> _YOUR ASSIGNMENT_: Output exactly the lines from the first line of the records below through the line containing "What are the", both included, leaving out any pictures.

> _DATASET_:

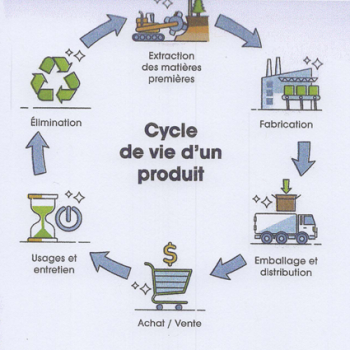 Cycle de vie d'un produit
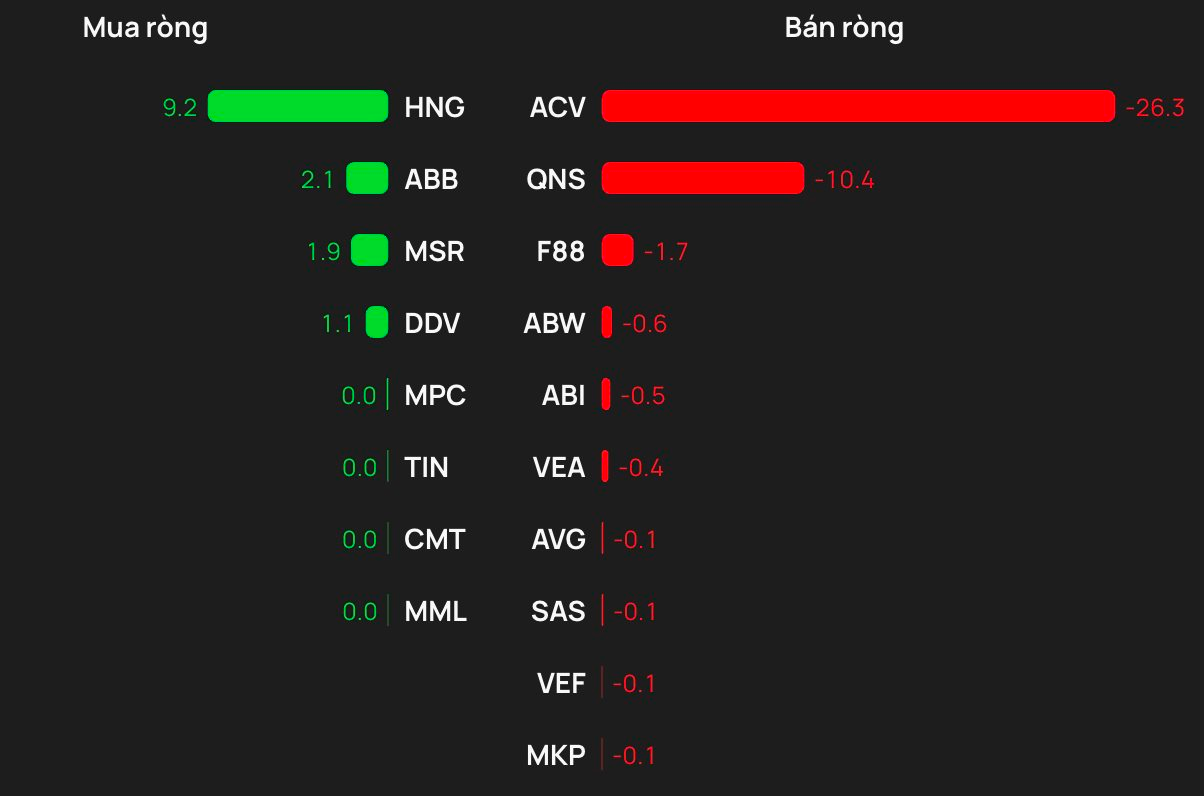Phiên 29/4: Khối ngoại tiếp đà bán ròng gần 1.300 tỷ đồng, cổ phiếu nào bị "xả" mạnh nhất? - Ảnh 3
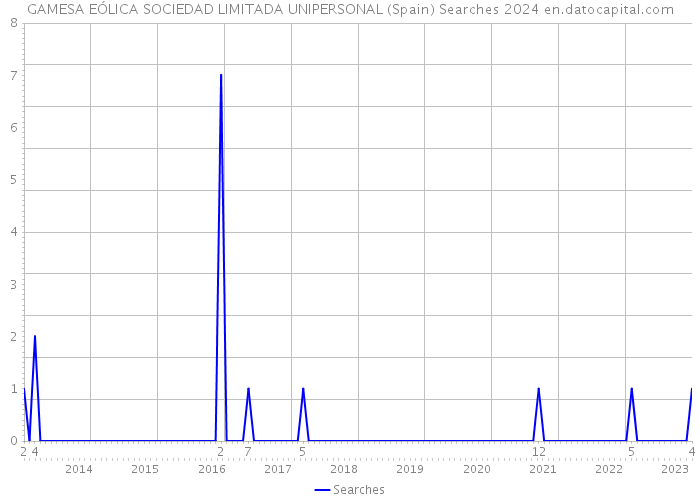 GAMESA EÓLICA SOCIEDAD LIMITADA UNIPERSONAL (Spain) Searches 2024 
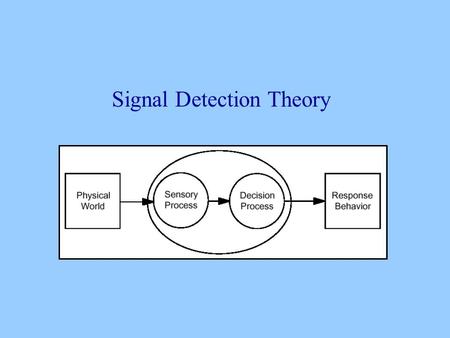 Signal Detection Theory. The classical psychophysicists believed in fixed thresholds Ideally, one would obtain a step-like change from no detection to.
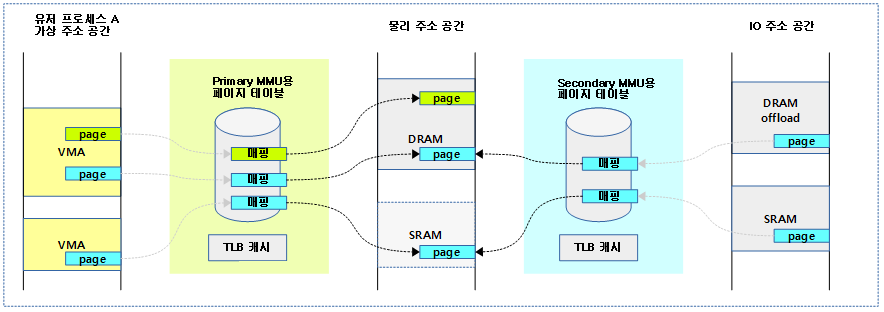 Project Notifier Structure TTU & Rmap Walk-CSDN博客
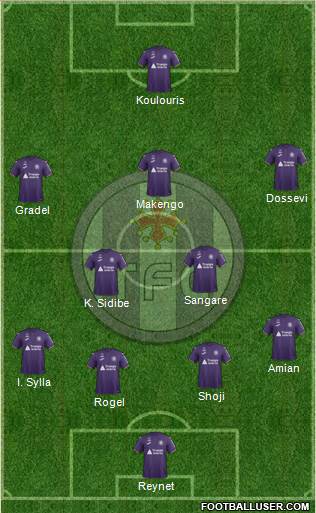 Toulouse Football Club football formation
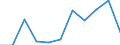 CN 29051990 /Exports /Unit = Prices (Euro/ton) /Partner: Ireland /Reporter: Eur27 /29051990:Saturated Monohydric Acyclic Alcohols (Excl. Methanol `methyl Alcohol`, Propan-1-ol `propyl Alcohol`, Propan-2-ol `isopropyl Alcohol`, Butanols, Pentanol `amyl Alcohol` and Isomers Thereof, Octanol `octyl Alcohol` and Isomers Thereof, Dodecan-1-ol `lauryl Alcohol`, Hexadecan-1-ol `cetyl Alcohol`, Octadecan-1-ol `stearyl Alcohol` and Metal Alcoholated)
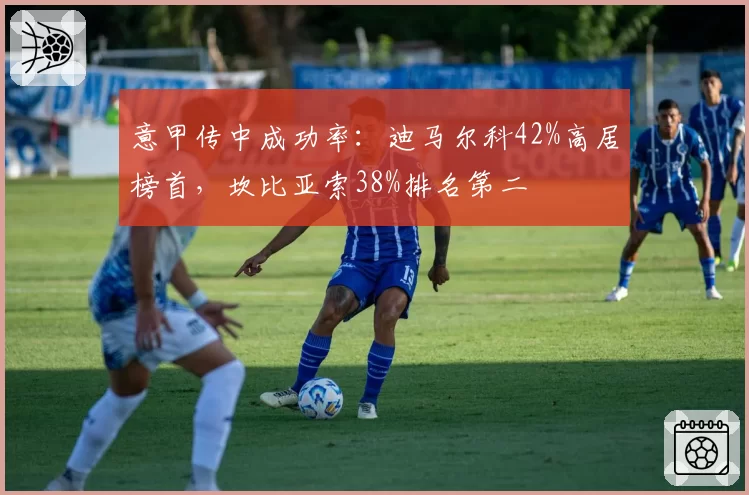 意甲传中成功率：迪马尔科42%高居榜首，坎比亚索38%排名第二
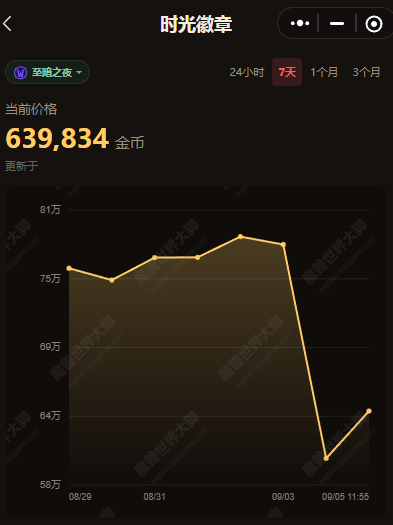 魔兽世界正式服金价跳水 500万金币真菌雷龙坐骑成焦点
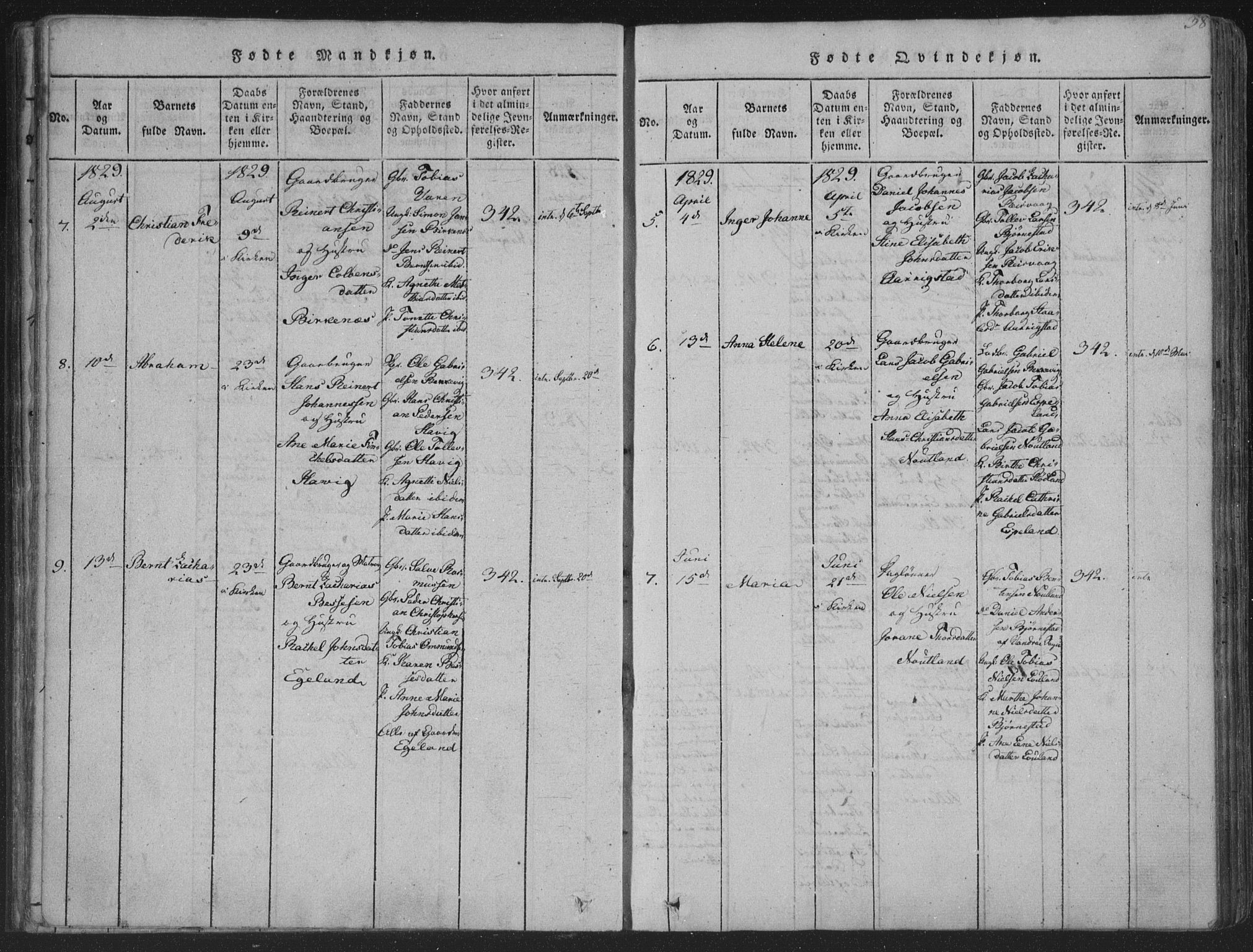 Herad sokneprestkontor, AV/SAK-1111-0018/F/Fa/Fab/L0002: Parish register (official) no. A 2, 1816-1844, p. 38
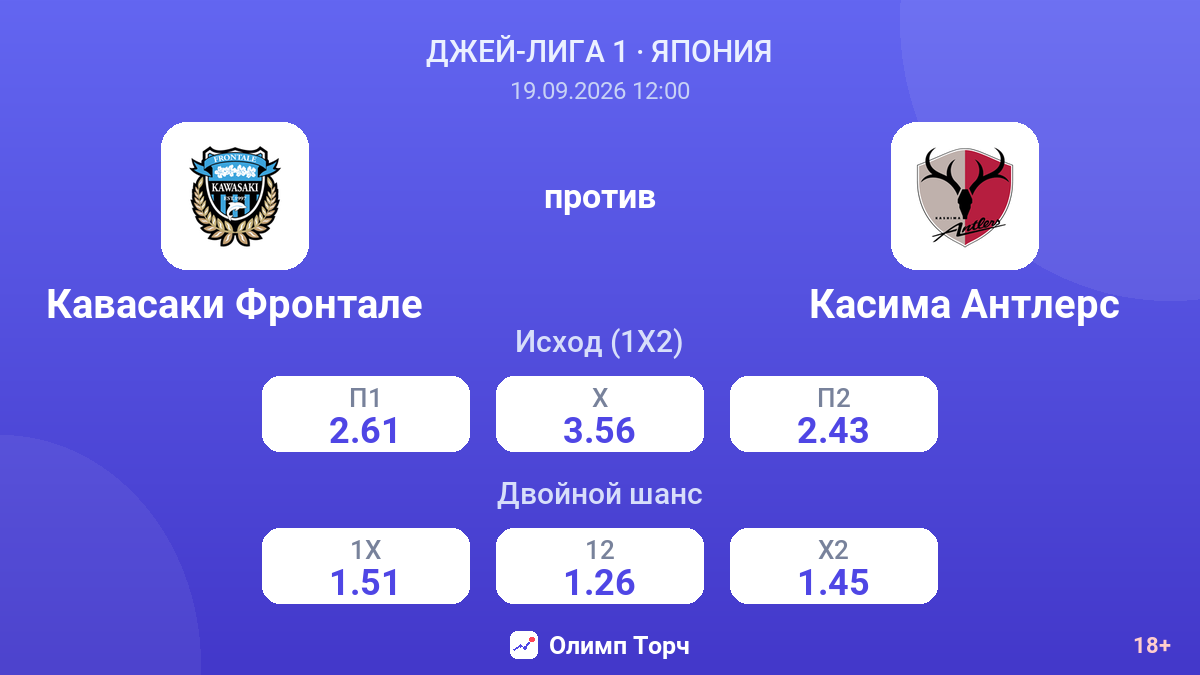 Кавасаки Фронтале — Касима Антлерс — коэффициенты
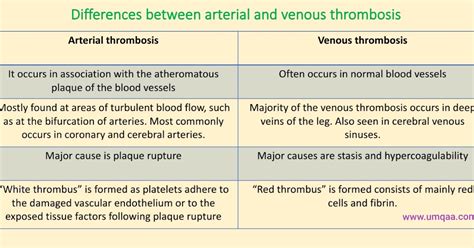 What are the causes of arterial and venous thrombosis?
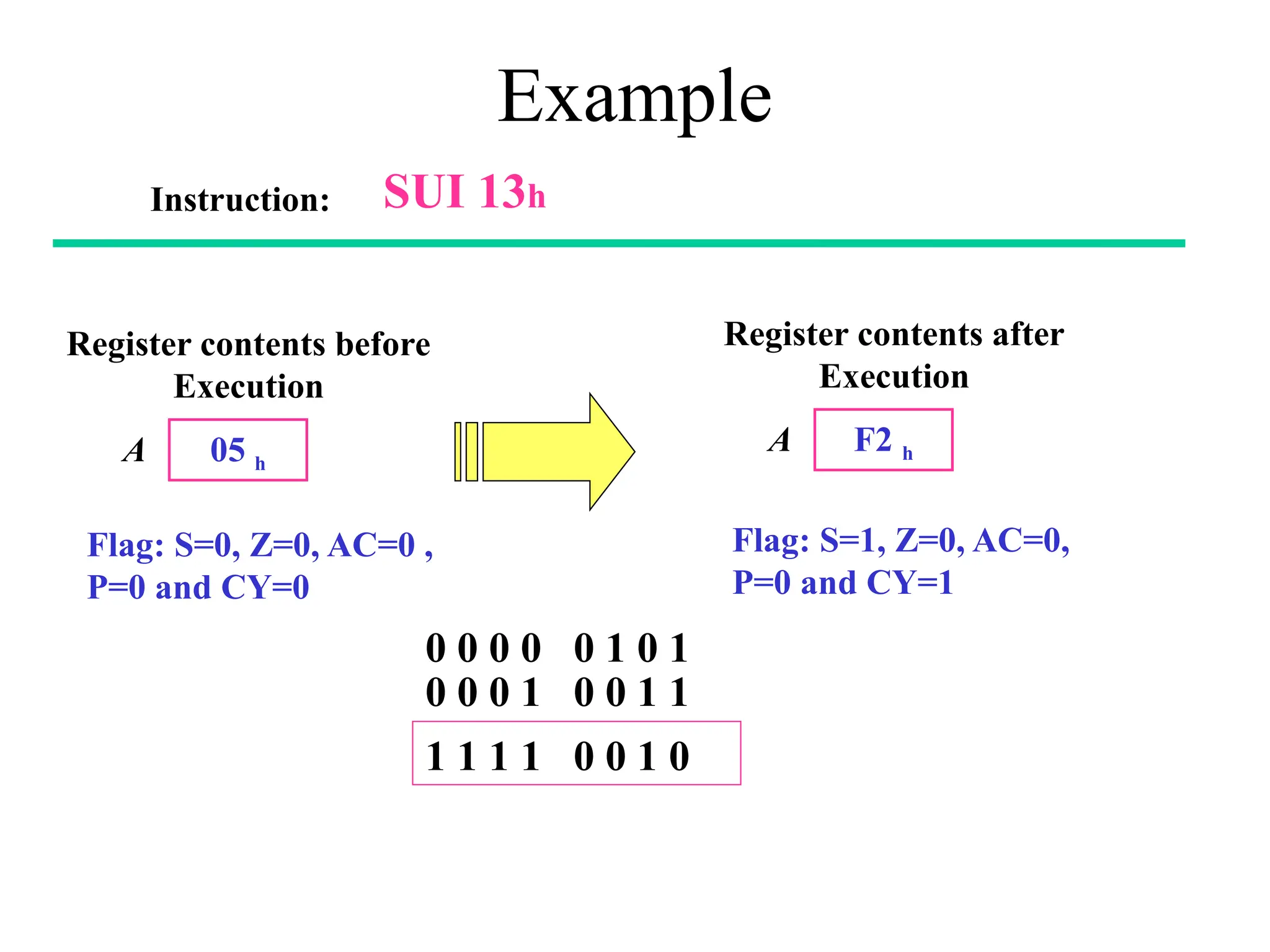instruction set explanation of 8085 microprocessor | PPTX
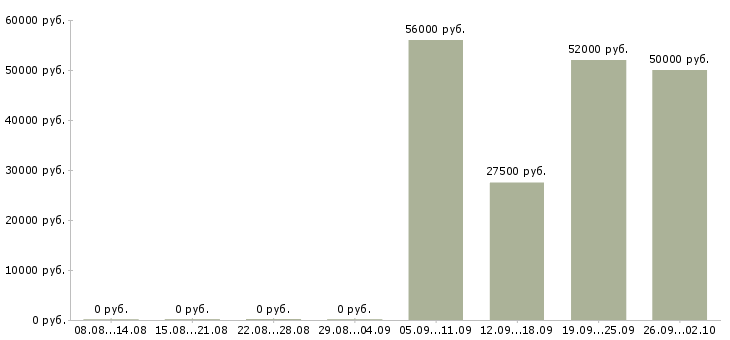 Вакансии менеджер продуктов в Калуге - Медиана зарплат менеджер продуктов в Калуге за 2 месяца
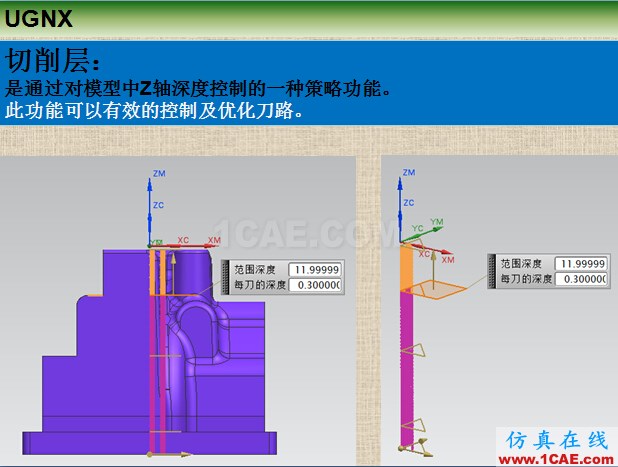 優勝UGNX編程參數之切削層ug設計案例圖片2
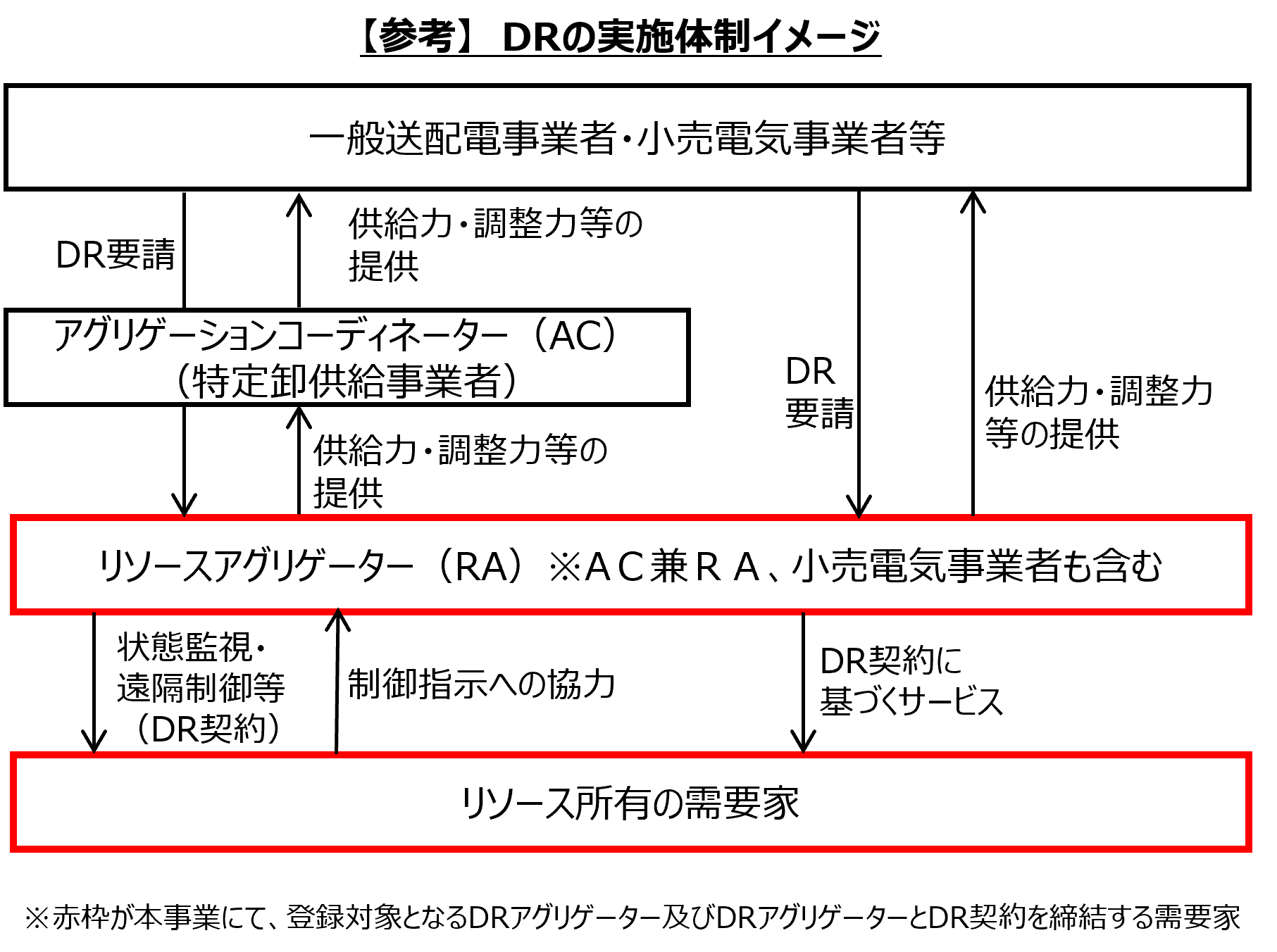 【参考】　DRの実施体制イメージ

> _RESULT OF THE TASK_:
 Cycle de vie d'un produit
Phiên 29/4: Khối ngoại tiếp đà bán ròng gần 1.300 tỷ đồng, cổ phiếu nào bị "xả" mạnh nhất? - Ảnh 3
 GAMESA EÓLICA SOCIEDAD LIMITADA UNIPERSONAL (Spain) Searches 2024 
 Signal Detection Theory. The classical psychophysicists believed in fixed thresholds Ideally, one would obtain a step-like change from no detection to.
 Project Notifier Structure TTU & Rmap Walk-CSDN博客
 Toulouse Football Club football formation
 CN 29051990 /Exports /Unit = Prices (Euro/ton) /Partner: Ireland /Reporter: Eur27 /29051990:Saturated Monohydric Acyclic Alcohols (Excl. Methanol `methyl Alcohol`, Propan-1-ol `propyl Alcohol`, Propan-2-ol `isopropyl Alcohol`, Butanols, Pentanol `amyl Alcohol` and Isomers Thereof, Octanol `octyl Alcohol` and Isomers Thereof, Dodecan-1-ol `lauryl Alcohol`, Hexadecan-1-ol `cetyl Alcohol`, Octadecan-1-ol `stearyl Alcohol` and Metal Alcoholated)
 意甲传中成功率：迪马尔科42%高居榜首，坎比亚索38%排名第二
 魔兽世界正式服金价跳水 500万金币真菌雷龙坐骑成焦点
 Herad sokneprestkontor, AV/SAK-1111-0018/F/Fa/Fab/L0002: Parish register (official) no. A 2, 1816-1844, p. 38
 Кавасаки Фронтале — Касима Антлерс — коэффициенты
 What are the causes of arterial and venous thrombosis?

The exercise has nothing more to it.